La última fase de la campaña aliada de bombardeo aéreo sobre Alemania, entre septiembre de 1944 a abril de 1945 resultó, con diferencia, la más destructiva. Sólo en ese periodo de tiempo, siete meses, EE UU y Gran Bretaña lanzaron más de 800 mil toneladas de bombas sobre el país, lo que supone un 60% del total utilizado en toda la II Guerra Mundial para acabar con el poderío industrial y la capacidad de resistencia del III Reich. No fue elegante. No fue humanitario. Fue un ataque para sembrar el pánico y el caos en las comunicaciones en la Alemania nazi, acosada sin descanso por los ejércitos aliados.

Es fácil, actualmente, adquirir en las tiendas de souvenirs e incluso en las oficinas de turismo algún DvD sobre el trágico bombardeo.
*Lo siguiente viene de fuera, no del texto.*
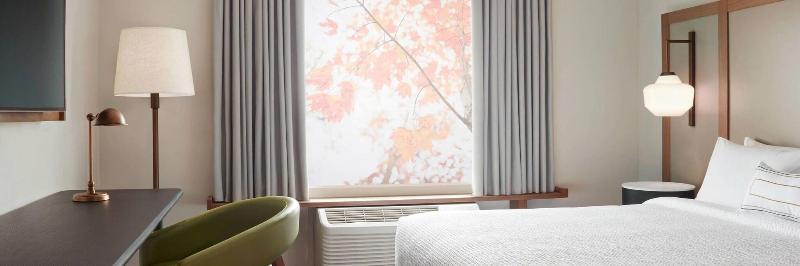 Fairfield Inn & Suites by Marriott Newport image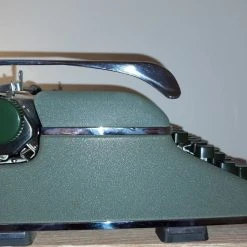 Vendora Vintage γραφομηχανή Olympia σε άψογη κατάσταση μαζί με τη βαλίτσα της -vintage object shop 75f3c568b3f7437e4669bd73c7029b872255c965 xl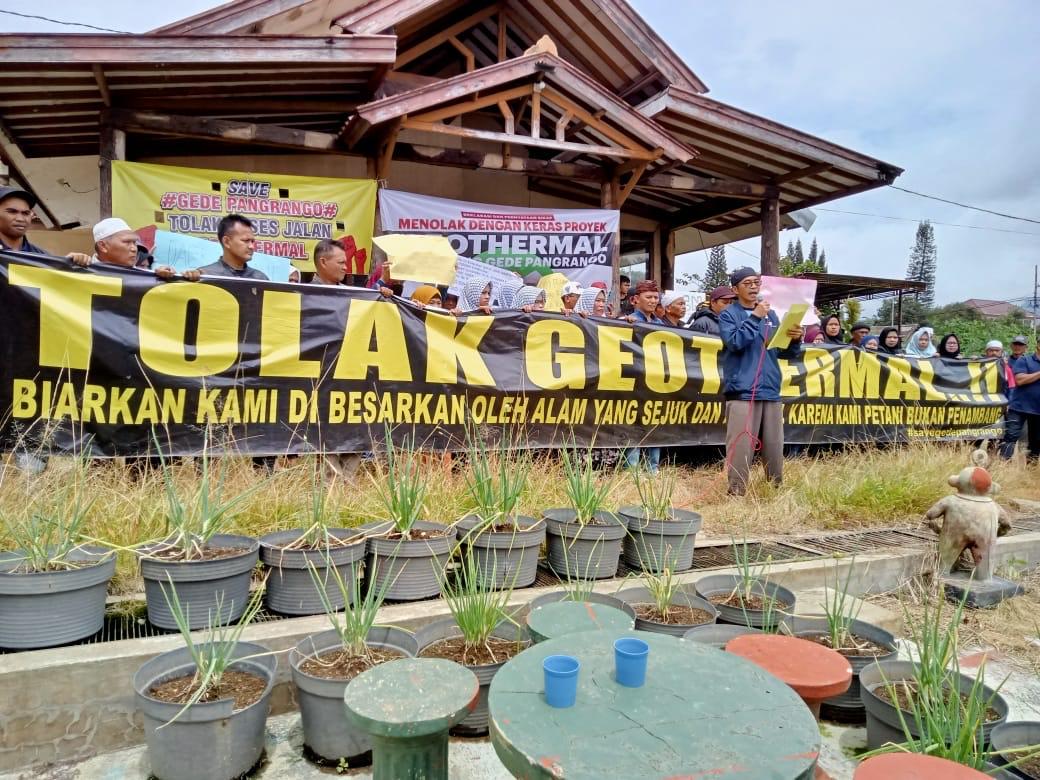 Ratusan-warga-Kampung-Pasir-Cina-Cianjur-menolak-geothermal.jpg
Pero uno debe tener cuidado con comprarlo fuera de estos ámbitos. El visitante verá por la ciudad carteles con la característica letra gótica germánica que anuncian la venta de documentales. En muchas ocasiones, las personas que los venden pertenecen a alguna asociación ligada a la extrema derecha alemana, que siempre ha utilizado el episodio con un fin propagandístico.

No todo podía ser perfecto en un paraíso reconstruido.